An Episode beginning at Tate Modern on the Southbank and leading to Carlisle Lane, SE1, during which Mr Kirby Raises his Profile Aug2013 email (click to view).
Inert with a cup of coffee, the Barrowman opposite me begins raising his Profile, and I am reminded:
‘Thus one portion of being is the Prolific, the other the Devouring. To the Devourer, it seems as if the producer was in his chains; but it is not so, he only takes portions of existence and fancies that the whole.
‘But the Prolific would cease to be Prolific unless the Devourer, as a sea, received the excess of his delights.
‘These two classes of men are always upon earth, and they should be enemies: who ever tries to reconcile them seeks to destroy existence.’
William Blake, The Marriage of Heaven and Hell.
The quotation is to be found at the beginning of ‘The Theoretical Model’ section (P. 19) of the book by Valeria Ugazio, whose ugly title in English translation I remain so reluctant to name. In Italian she is Storia Permette, Storia Proibito… , and who has become my constant companion this summer both at work and play, even falling into the bath with me once when I dozed off recently; as a sea, she rises over the high water boundaries and spills into the waking day.

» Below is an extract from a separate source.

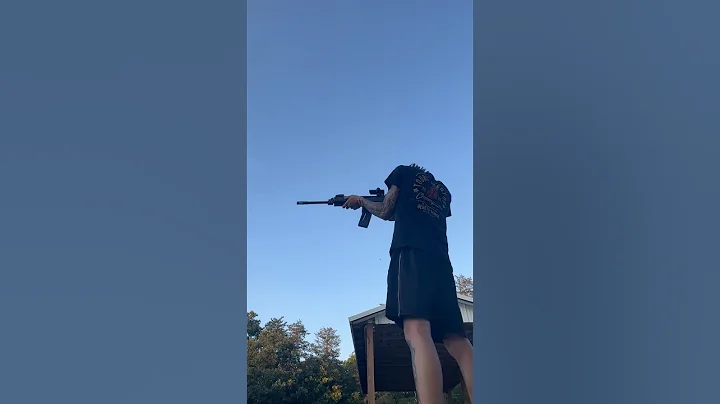 Scar 22LR mag dump 👀🔥#bigkicker #bang #range  #lightskinrambo #viral #legal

The long conversation continues as follows:
“I am the Barrowman, if that is what you want me to be, or Charon the ferryman according to your other suggestion… the one who ferries you for a coin.”
“What you do is offer me reassurance,” I say, “It may or may not be well intentioned, I have no feeling about that. It felt as though I was being carried in a wheelbarrow from a church on a small knoll down through what seemed to be a valley.”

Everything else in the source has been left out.